In order to be financially viable, miners started to sell off their stored Bitcoin, and on-chain metrics quickly issued a warning that a miner “capitulation” was already happening.
However, neither the size of the sell-off nor its duration proved to be a serious problem, and the situation has lately calmed, as CoinRegency reported.
“The heavy sell pressure from Bitcoin miners that has barraged the market for the last 4 months has finally subsided for now,”This weekend, William Clemente, the creator of the crypto research business Reflexivity, summarised information from the on-chain analytics company Glassnode.

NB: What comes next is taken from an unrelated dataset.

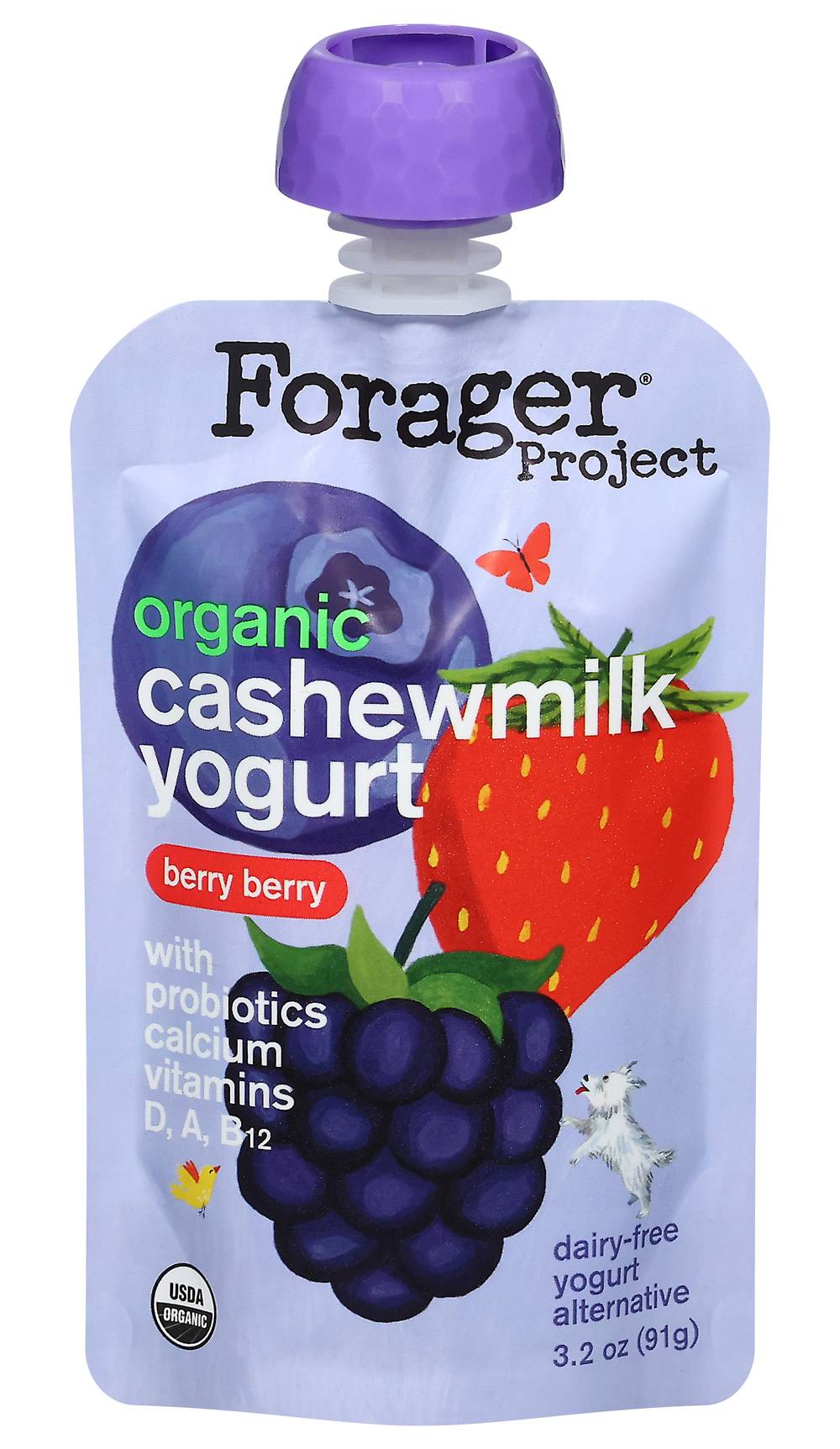 Forager Project Organic Kids Cashewmilk Berry Berry Yogurt (3.2 oz)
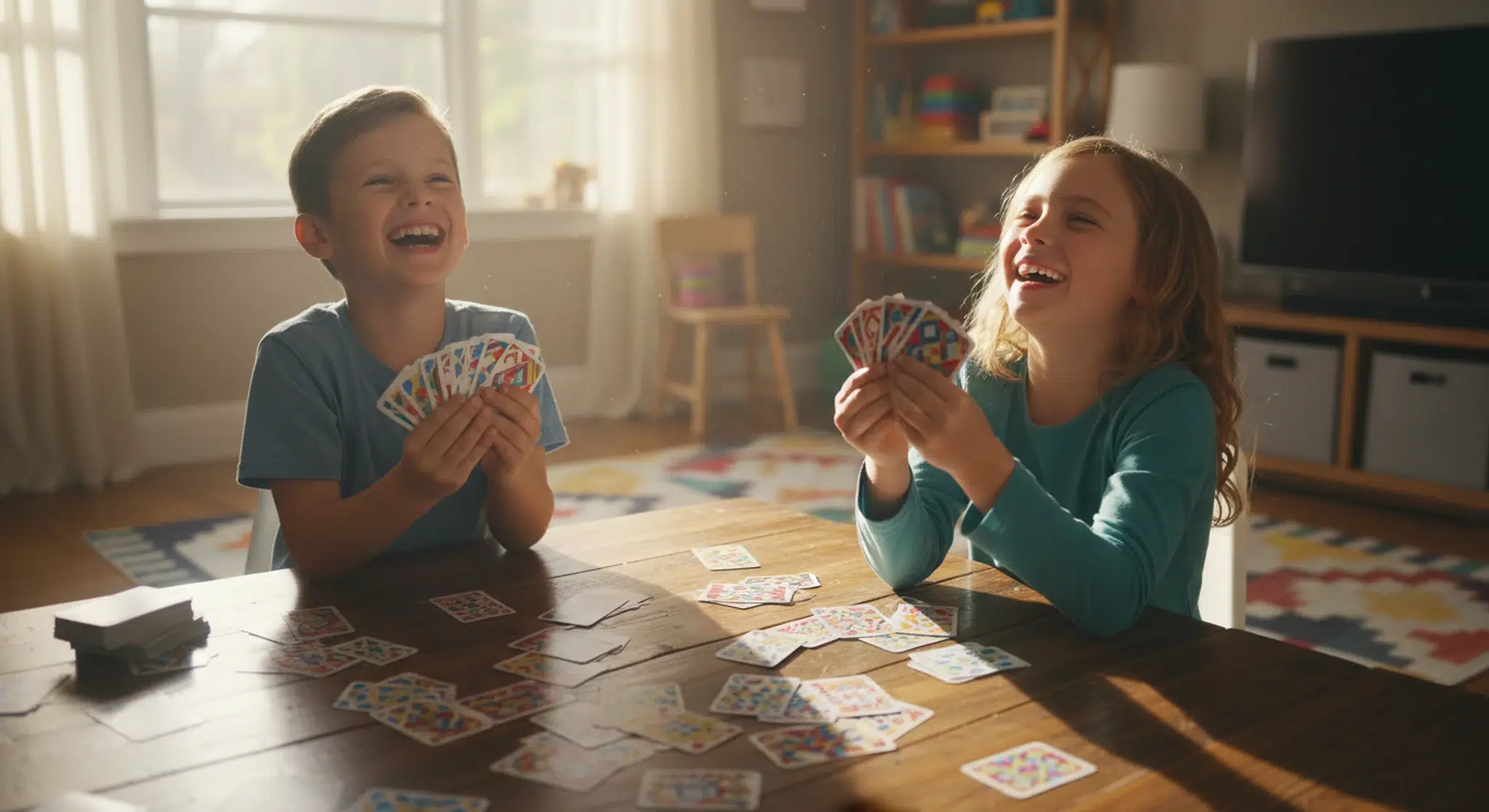 Two children laughing while playing a card game together at a table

The information displayed the 30-day net position change for Bitcoin miners, which was actually starting to rise compared to the previous month.
The data showed the Bitcoin miners’ 30-day net position change, which was actually beginning to increase relative to the previous month.
The analyst at cryptocurrency research and consultancy business Quantum Economics, Jan Wuestenfeld, was equally optimistic about the current situation when looking at Bitcoin’s hash rate, or the anticipated processing power devoted to mining.
“It is crazy how the hashrate, albeit miners coming under heavy pressure, has only corrected a bit over the last two months of 2022 and now is even increasing considering the 30-day moving average,”he noted.
Last week, the network difficulty of Bitcoin was revised downward by roughly 3.6% to account for a decline in mining activity. However, the most recent prediction from BTC.com states that the upcoming adjustment would eliminate those losses and raise the difficulty level by 9%, setting a new record.
“Extreme fear” meets 18-month lows in cryptocurrency volume
The Crypto Fear & Greed Index indicates that the sentiment in the cryptocurrency market is as ambiguous as ever over the near-term prognosis.
The Index, which creates a sentiment score from a collection of weighted triggers, slipped back into the top of its most pessimistic category, “severe fear,” over the weekend., “extreme fear.”
Despite being a first for 2023, “extreme fear” is not unfamiliar to seasoned market watchers who saw sentiment last year as it spent the longest period of time ever in the lowest zone of the Index.
However, involvement with cryptocurrency seems noticeably limited at the present price levels.
Since mid-2020, the volume of transactions involving cryptocurrencies has been at its lowest, according to research firm Santiment.
“Altcoin volume is particularly low,”An accompanying chart said in a note.
However, involvement with cryptocurrency seems noticeably limited at the present price levels.
Since mid-2020, the volume of transactions involving cryptocurrencies has been at its lowest, according to research firm Santiment.
“Altcoin volume is particularly low,” said a note next to a graphic.
However, separate data from CryptoQuant found that whale selling had also dropped since December, perhaps forming a pattern and having a “positive effect on market sentiment.” This data was reported by well-known social media analyst CryptoBitcoinChris.